EXERCISE REQUIREMENTS: The reply should reproduce every line of the data below word for word, minus any images.

Short text fragments from websites:
┌──

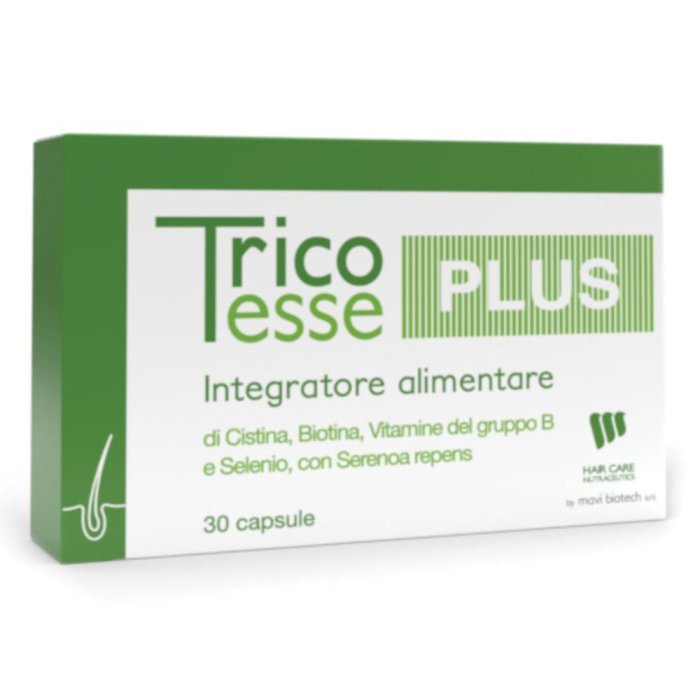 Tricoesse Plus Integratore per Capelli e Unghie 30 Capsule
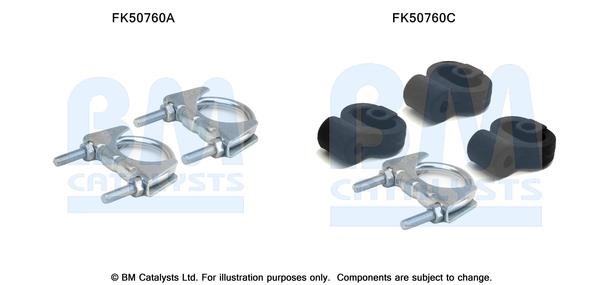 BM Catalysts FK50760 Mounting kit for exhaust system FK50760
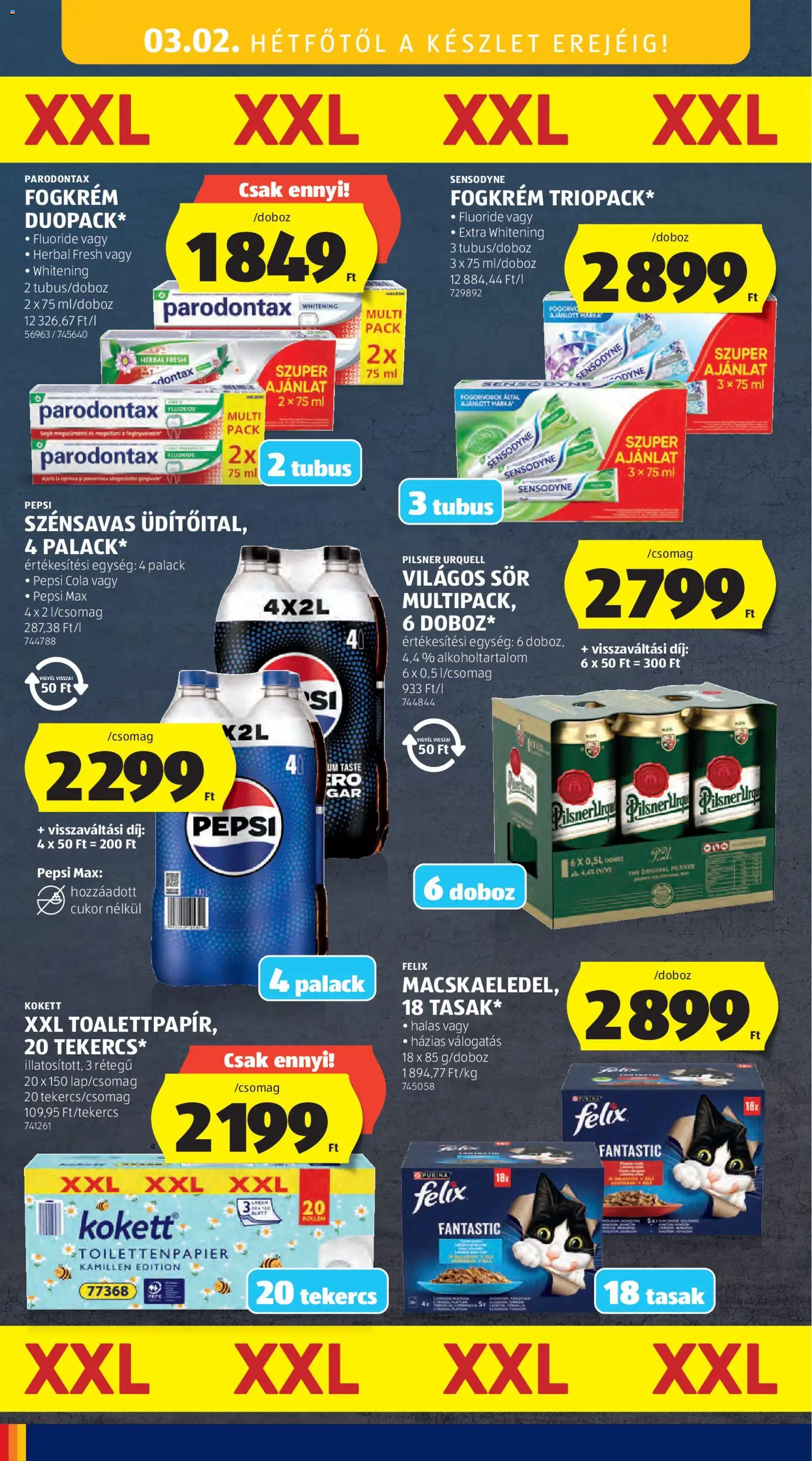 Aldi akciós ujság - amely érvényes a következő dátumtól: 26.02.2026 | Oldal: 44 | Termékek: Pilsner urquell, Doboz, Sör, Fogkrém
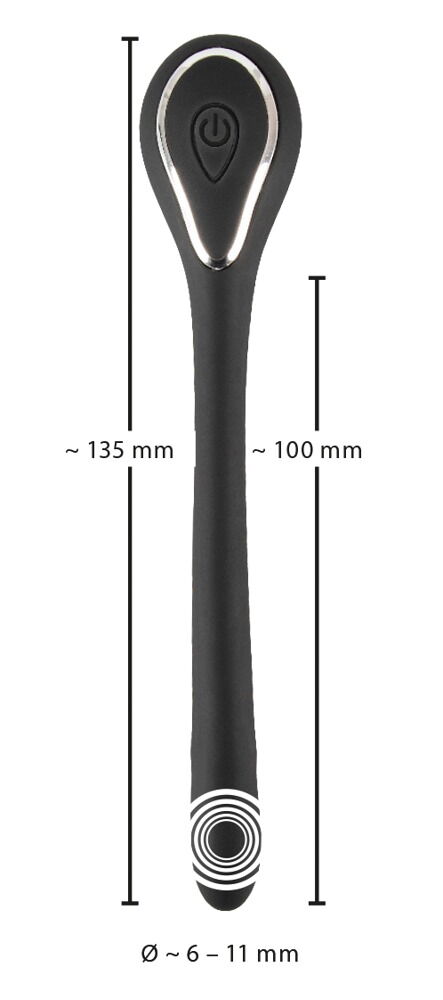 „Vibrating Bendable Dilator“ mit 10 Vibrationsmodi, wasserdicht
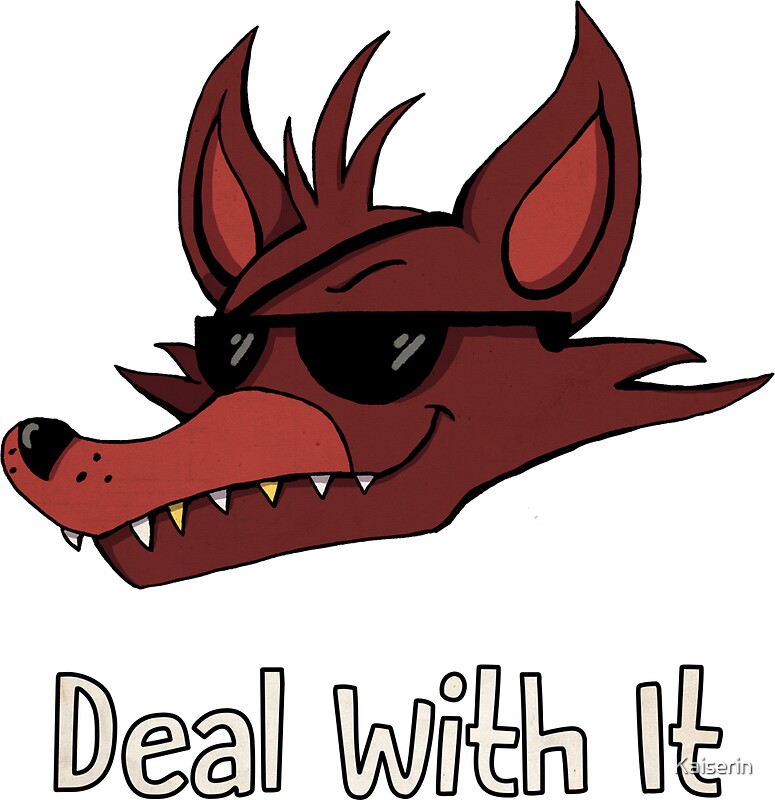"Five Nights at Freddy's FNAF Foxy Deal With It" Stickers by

└──

WORKED SOLUTION:
 Tricoesse Plus Integratore per Capelli e Unghie 30 Capsule
 BM Catalysts FK50760 Mounting kit for exhaust system FK50760
 Aldi akciós ujság - amely érvényes a következő dátumtól: 26.02.2026 | Oldal: 44 | Termékek: Pilsner urquell, Doboz, Sör, Fogkrém
 „Vibrating Bendable Dilator“ mit 10 Vibrationsmodi, wasserdicht
"Five Nights at Freddy's FNAF Foxy Deal With It" Stickers by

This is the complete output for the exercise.